As a U.S. House of Representatives Financial Services Committee hearing opened, Paulson said he understood the public anger over the huge salaries that Wall Street executives have been paid, but still appealed for quick support for the package.
"This is a serious problem and I agree. We must find a way to address this in the legislation but without undermining the effectiveness of this program," he said.
Paulson's comments marked a significant retreat from his past position that imposing pay limits might make firms avoid using it and stall an effort to rid the financial system of bad mortgage-related assets.
President George W. Bush was scheduled to make a televised address at 9 p.m.
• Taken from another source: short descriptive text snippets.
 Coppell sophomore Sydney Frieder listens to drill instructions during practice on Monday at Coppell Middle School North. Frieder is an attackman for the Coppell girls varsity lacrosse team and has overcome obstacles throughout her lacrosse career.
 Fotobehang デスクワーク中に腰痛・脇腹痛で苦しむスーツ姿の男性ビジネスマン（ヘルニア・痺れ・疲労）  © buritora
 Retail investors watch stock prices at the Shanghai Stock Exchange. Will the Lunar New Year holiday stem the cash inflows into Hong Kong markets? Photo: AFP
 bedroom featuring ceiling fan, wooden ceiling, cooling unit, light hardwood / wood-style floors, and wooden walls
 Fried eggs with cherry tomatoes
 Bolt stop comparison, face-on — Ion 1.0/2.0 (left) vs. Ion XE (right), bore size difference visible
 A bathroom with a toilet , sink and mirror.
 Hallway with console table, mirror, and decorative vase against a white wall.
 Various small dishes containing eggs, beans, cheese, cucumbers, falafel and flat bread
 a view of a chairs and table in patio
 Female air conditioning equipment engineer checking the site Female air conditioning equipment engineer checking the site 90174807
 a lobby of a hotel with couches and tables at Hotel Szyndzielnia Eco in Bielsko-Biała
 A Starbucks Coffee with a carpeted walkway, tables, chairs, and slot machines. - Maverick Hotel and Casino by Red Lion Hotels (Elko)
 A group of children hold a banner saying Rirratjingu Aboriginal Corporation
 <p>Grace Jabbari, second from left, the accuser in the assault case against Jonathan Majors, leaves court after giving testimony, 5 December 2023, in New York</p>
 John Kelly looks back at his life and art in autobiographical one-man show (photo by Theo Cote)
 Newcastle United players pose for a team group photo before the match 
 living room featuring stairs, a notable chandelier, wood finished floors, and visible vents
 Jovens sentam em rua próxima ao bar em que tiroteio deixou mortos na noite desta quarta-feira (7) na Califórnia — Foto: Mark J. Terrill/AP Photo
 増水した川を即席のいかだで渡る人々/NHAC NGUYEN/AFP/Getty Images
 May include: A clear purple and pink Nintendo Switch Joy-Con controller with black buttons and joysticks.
EDT, further appealing to ordinary Americans to support the bailout as a necessary measure to help the broader economy rather than a financial bootstrap for reckless Wall Street executives.
While Paulson gave ground on the issue of executive pay, he offered no indication that he was willing to yield to congressional calls that the government receive an equity stake in firms that benefit from the bailout program.
Many lawmakers have argued that forcing companies to yield some equity in return for the right to offload bad assets onto the government would protect taxpayers by increasing the chances for a profit, or at least a reduced loss, when the assets were eventually resold.
"I understand the view that I have heard from many of you on both sides of the aisle, urging that the taxpayer should share in the benefits of this plan to our financial system," Paulson said. "Let me make clear -- this entire proposal is about benefiting the American people, because today's fragile financial system puts their economic well-being at risk."
Paulson and Federal Reserve Chairman Ben Bernanke have both argued that companies may shy away from participating in the program if shareholder value was diluted, undercutting the plan's effectiveness.
OPTION ON TABLE FOR MONTHS
In his testimony on Wednesday, Paulson revealed that the Treasury had been considering a bailout plan, among other options for settling markets, for months now.
"We have proposed a program to remove troubled assets from the system -- a program we analyzed internally for months, and had hoped would never be necessary," he said. "Under our proposal, we would use market mechanisms available to small banks, credit unions and thrifts across the country."
As he has said repeatedly since proposing the creation a fund to soak up bad assets from financial firms, Paulson insisted the final price tag would be much lower than the $700 billion he would be authorized to spend.
"It is an asset-purchase program and the assets which are bought and held will ultimately be resold with the proceeds coming back to the government," he said.
As he had a day earlier in testimony to the Senate Banking Committee, Paulson said he was willing to accept oversight as part of the bailout program.
"I'm not looking for extraordinary powers," he said. "We need and want oversight, transparency, protection and we've got to do it in a way in which we can be effective and get this program working."